Defesa deve pedir prorrogação por motivos de saúde; Alexandre de Moraes decidirá após ouvir a PGR
O prazo da prisão domiciliar humanitária concedida ao ex-presidente Jair Bolsonaro termina na próxima quarta-feira (25), e caberá ao ministro Alexandre de Moraes, do Supremo Tribunal Federal (STF), decidir se mantém, altera ou encerra a medida. A decisão deverá ser tomada após manifestações da Procuradoria-Geral da República (PGR) e da defesa do ex-presidente.
Bolsonaro passou a cumprir prisão domiciliar em 24 de março, após autorização do STF por um período inicial de 90 dias. Ao conceder o benefício, Moraes estabeleceu uma série de restrições, entre elas a proibição de contatos políticos e a limitação de visitas apenas a familiares, advogados e profissionais de saúde.
Com o encerramento do prazo, o ministro poderá optar por prorrogar a prisão domiciliar por mais 90 dias, revogar a medida e manter apenas restrições menos severas ou até endurecer as condições impostas ao ex-presidente.
Antes de decidir, Moraes também poderá determinar a realização de uma nova perícia médica oficial para avaliar o atual estado de saúde de Bolsonaro.
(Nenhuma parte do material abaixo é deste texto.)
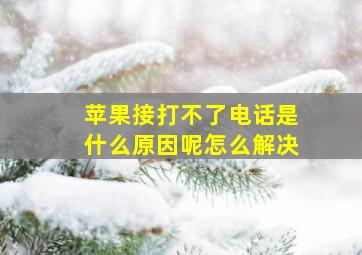 苹果接打不了电话是什么原因呢怎么解决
A defesa já informou que pretende solicitar a prorrogação da prisão domiciliar, alegando que os problemas de saúde persistem e se agravaram nas últimas semanas.
De acordo com relatórios médicos encaminhados periodicamente ao Supremo, o ex-presidente apresentou piora nas crises de soluço crônico e precisou aumentar a medicação, atingindo o limite terapêutico considerado seguro pelos médicos.
Outro fator que pode ser considerado na análise é a apreensão de uma arma de fogo durante uma blitz realizada na semana passada, fato citado entre os elementos que podem influenciar a avaliação do ministro.
Bolsonaro cumpre pena de 27 anos e 3 meses de prisão por condenação relacionada aos crimes de tentativa de golpe de Estado e liderança de organização criminosa. Antes de obter o benefício da prisão domiciliar, ele estava detido no 19º Batalhão da Polícia Militar, localizado no Complexo Penitenciário da Papuda, em Brasília.
Durante os três meses em que permaneceu em prisão domiciliar, o ex-presidente passou por uma cirurgia no ombro direito, realizada em 1º de maio no Hospital DF Star, em Brasília. O procedimento durou cerca de cinco horas e transcorreu sem intercorrências.
Nesse período, Bolsonaro também solicitou autorização ao STF para receber técnicos responsáveis pela manutenção do elevador da residência, além da visita de uma funcionária de cartório e de um cabeleireiro.
A decisão sobre a continuidade ou não da prisão domiciliar deverá ser anunciada pelo Supremo após a análise das manifestações da PGR, da defesa e dos documentos médicos apresentados ao processo.